#### What to work on
Given the entries below, would you transcribe exactly the lines starting at the one with "Gráfico sobre la" and ending at the one with "Centranthus ruber", both kept, pictures omitted, nothing extra?

#### Supplied records
= Beginning of Section =
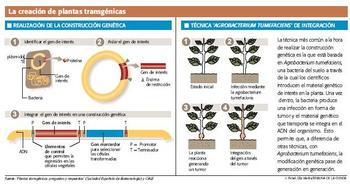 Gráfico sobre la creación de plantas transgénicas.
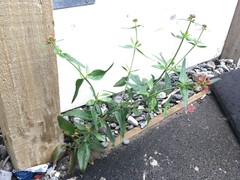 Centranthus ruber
= End of Section =
= Beginning of Section =
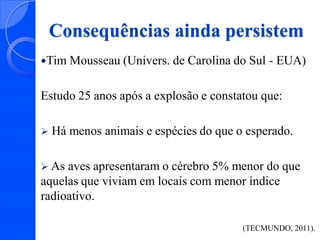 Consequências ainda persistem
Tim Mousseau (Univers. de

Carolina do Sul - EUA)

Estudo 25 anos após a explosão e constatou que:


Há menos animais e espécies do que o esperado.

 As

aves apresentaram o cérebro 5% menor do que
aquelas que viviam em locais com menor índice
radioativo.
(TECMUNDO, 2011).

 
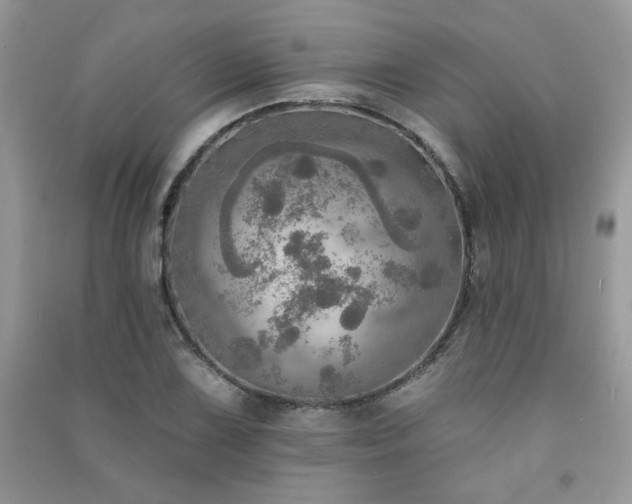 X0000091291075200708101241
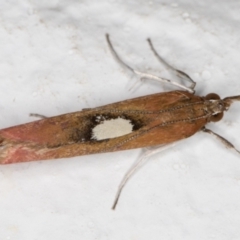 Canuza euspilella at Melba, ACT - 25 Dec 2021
= End of Section =
#### Task solution
 Gráfico sobre la creación de plantas transgénicas.
 Centranthus ruber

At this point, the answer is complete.